2000 LOFIdentDensBasedLocOutliers

From GM-RKB
Jump to navigation Jump to search

Subject Headings: Outlier Detection Task, Outlier Detection Algorithm.

Notes

Cited by

Quotes

Abstract

For many KDD applications, such as detecting criminal activities in E-commerce, finding the rare instances or the outliers, can be more interesting than finding the common patterns. Existing work in outlier detection regards being an outlier as a binary property. In this paper, we contend that for many scenarios, it is more meaningful to assign to each object a degree of being an outlier. This degree is called the local outlier factor (LOF) of an object. It is local in that the degree depends on how isolated the object is with respect to the surrounding neighborhood. We give a detailed formal analysis showing that LOF enjoys many desirable properties. Using real-world datasets, we demonstrate that LOF can be used to find outliers which appear to be meaningful, but can otherwise not be identified with existing approaches. Finally, a careful performance evaluation of our algorithm confirms we show that our approach of finding local outliers can be practical.

2. Related Work

Most of the previous studies on outlier detection were conducted in the field of statistics. These studies can be broadly classified into two categories. The first category is distribution-based, where a standard distribution (e.g. Normal, Poisson, etc.) is used to fit the data best. Outliers are defined based on the probability distribution. Over one hundred tests of this category, called discordancy tests, have been developed for different scenarios (see [5]). A key drawback of this category of tests is that most of the distributions used are univariate. There are some tests that are multivariate (e.g. multivariate normal outliers). But for many KDD applications, the underlying distribution is unknown. Fitting the data with standard distributions is costly, and may not produce satisfactory results.

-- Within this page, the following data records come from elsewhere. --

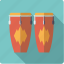 congas, drum, instrument, music, percussion, rhythm, sound 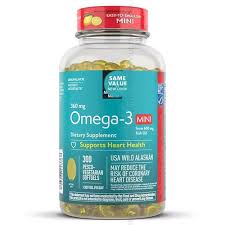 Member's Mark 360mg Omega-3 from Fish Oil MINI Softgels, 300 ct.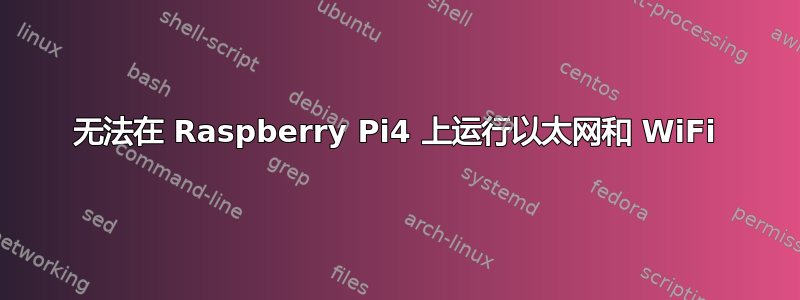 无法在 Raspberry Pi4 上运行以太网和 WiFi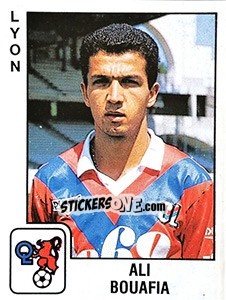 Sticker Ali Bouafia - FOOT 1989-1990 n. 126 - Panini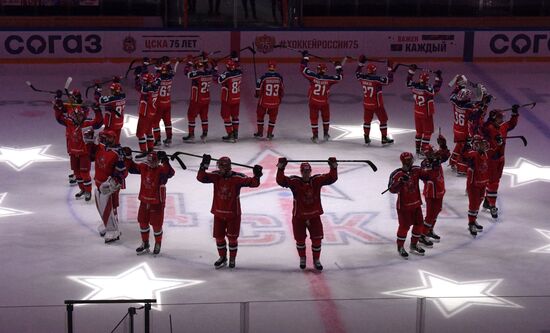 Russia Ice Hockey Kontinental League CSKA - Spartak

The second category of outlier studies in statistics is depth-based. Each data object is represented as a point in a k-d space, and is assigned a depth. With respect to outlier detection, outliers are more likely to be data objects with smaller depths. There are many definitions of depth that have been proposed (e.g. [20], [16]). In theory, depth-based approaches could work for large values of k. However, in practice, while there exist efficient algorithms for k = 2 or 3 ([16], [18], [12]), depth-based approaches become inefficient for large datasets for k ³ 4. This is because depth-based approaches rely on the computation of k-d convex hulls which has a lower bound complexity of W(nk/2) for n objects.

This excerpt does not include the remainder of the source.